The Western Australian government's ambitious shared-services plan to standardize more than 100 agencies on the Oracle platform has hit a snag with the Police Department stubbornly refusing to make the transition by sticking with SAP software.

Despite the hiccup, pilots are well under way with the first round of government agencies set to go live in May; the rest of the rollout will take place over the next two years.

Under the shared services model, which will save taxpayers $50 million a year from the 2007-08 financial year, the government will consolidate 21 different finance management solutions and 12 disparate payroll systems across 49 of its largest agencies.

Three shared services centres will also be established as part of the 10-year, $66.8 million deal with Oracle.

The WA government's Office of Shared Services (OSS) executive director Ron Mance confirmed WA Police has been excluded from the Oracle model with no immediate plans to migrate.

While unable to provide full details of the contractual arrangements with SAP by Computerworld's deadline, Mance said migration just isn't feasible at this time.

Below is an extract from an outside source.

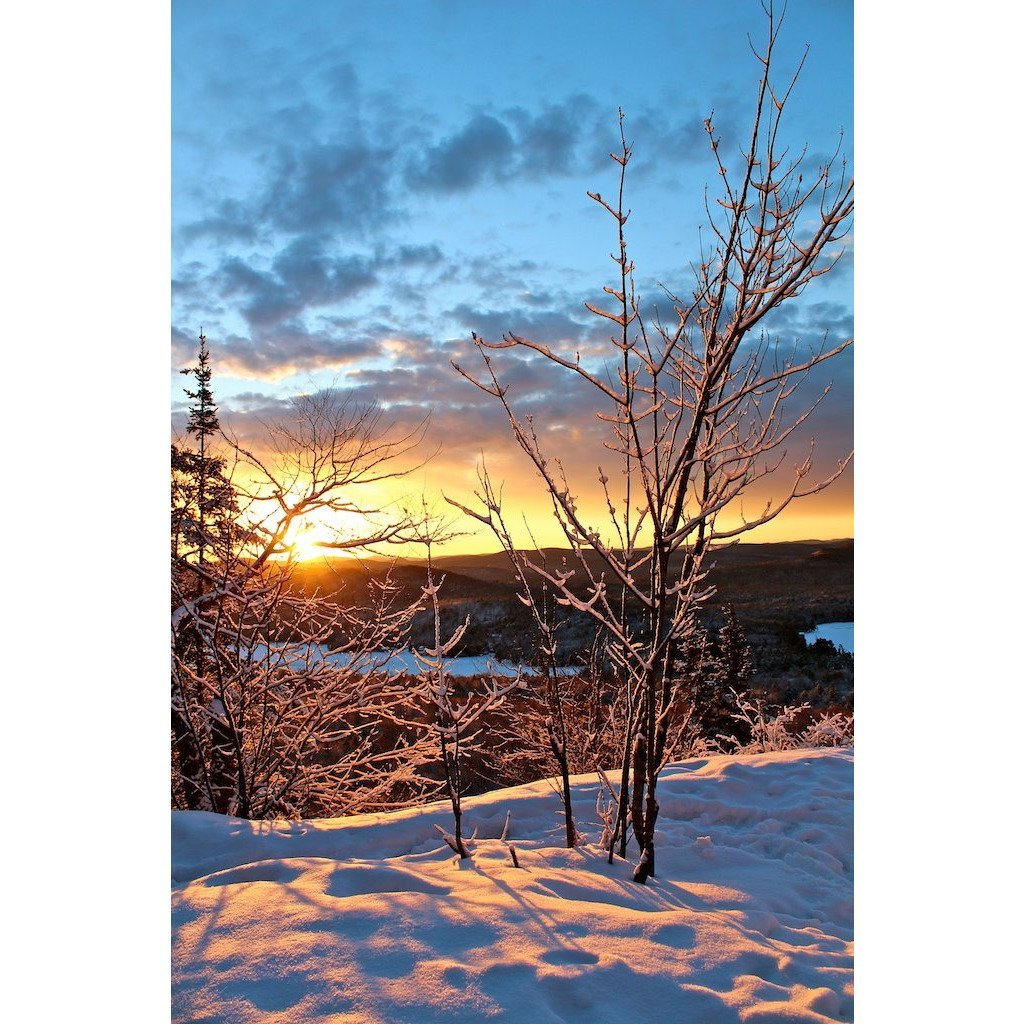 Bald Mountain Landscape Photography Print - Stunning Nature Wall Art for Home & Office Decor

"The Police Department has been with SAP for a while and is currently extending the software's functionality; it is a long and staged rollout," he said. "We had to draw a line in the sand and allow Police to remain on SAP software."

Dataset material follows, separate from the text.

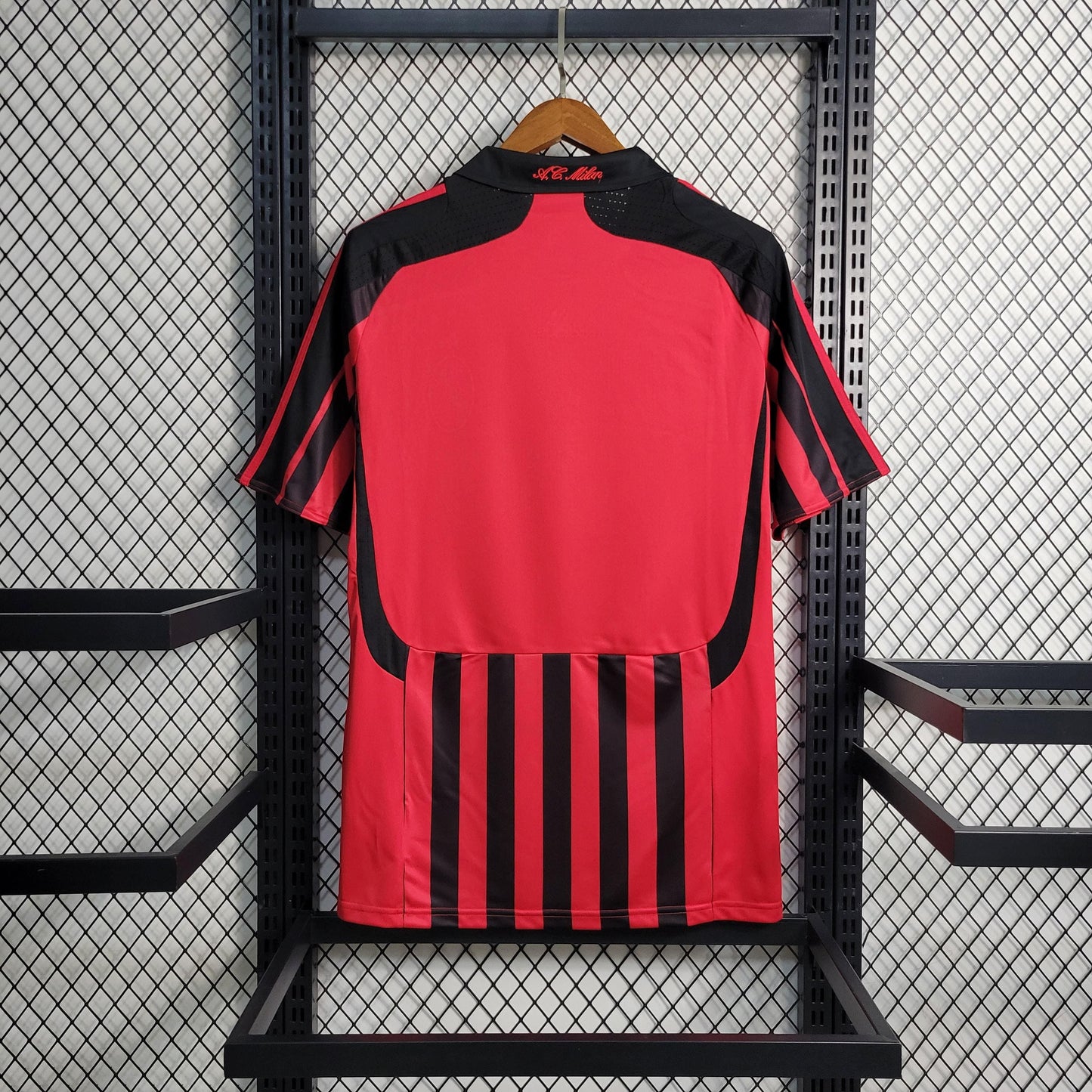 Camisa Milan I 07/08 Retrô (Sob encomenda)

Mance admitted the obvious timeframe for any migration would be when contracts are renegotiated and the Police Department is due for an upgrade. "When the department is due for an upgrade, we will expect a strong business case around any further investment," he added.

Upgrade timeframes were not immediately available but a SAP spokesperson did confirm that the software was introduced at WA Police in 1998.

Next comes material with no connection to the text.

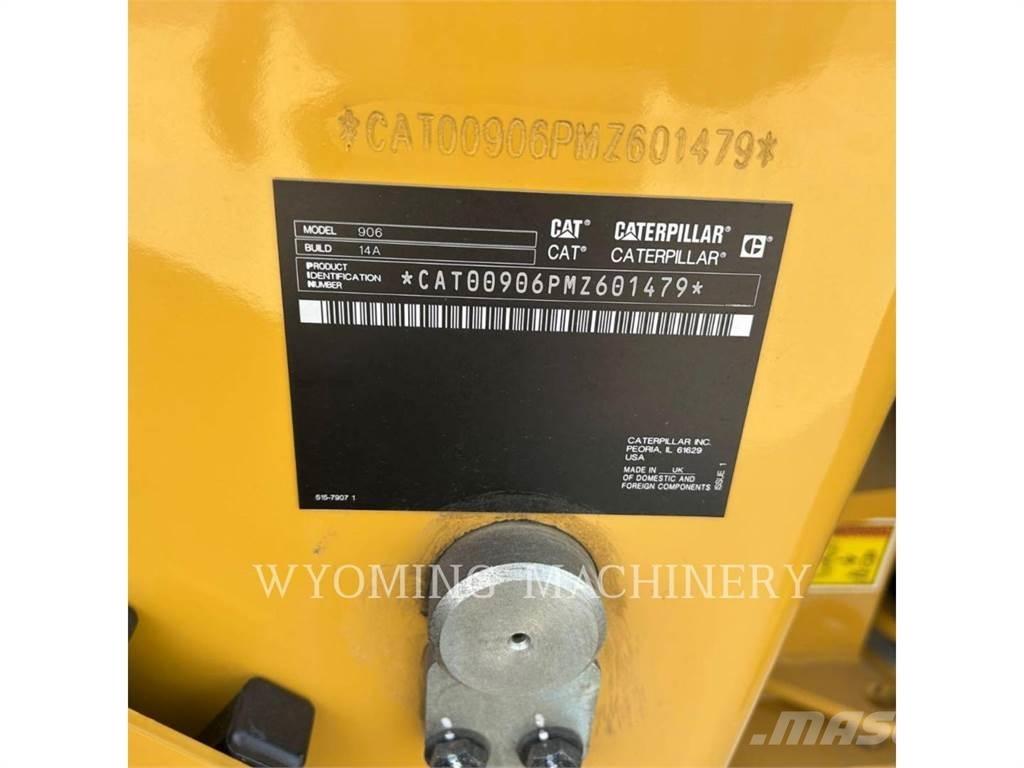 CAT 906 Gumikerekes homlokrakodók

Another agency that has also been excluded from the Oracle plan is the Education Department which is sticking with PeopleSoft for HR and payroll.

However, with Oracle's acquisition of PeopleSoft this isn't likely to create any real problems, according to Oracle managing director Ian White.

To date implementation of the plan, which will cost the government more than $80 million, has been such a success it will be used as a blueprint for other states.

White said Oracle is looking to pitch the blueprint to both state and federal governments with South Australia and Victoria the vendor's first targets. In fact, the OSS will be presenting the blueprint at an Interjurisdictional Group meeting to be held in Brisbane in May.

The event will be attended by IT representatives from every state and territory in Australia.

The OSS confirmed the federal government has also been invited to attend.

Established four years ago, the group meets twice a year to discuss shared services across government.

Large service providers such as EDS and IBM have not had a strong presence in WA with the market dominated by Oracle, Fujitsu, Unisys, CSC and the ASG Group. Oracle won the WA deal over SAP which submitted multiple bids in the tender process.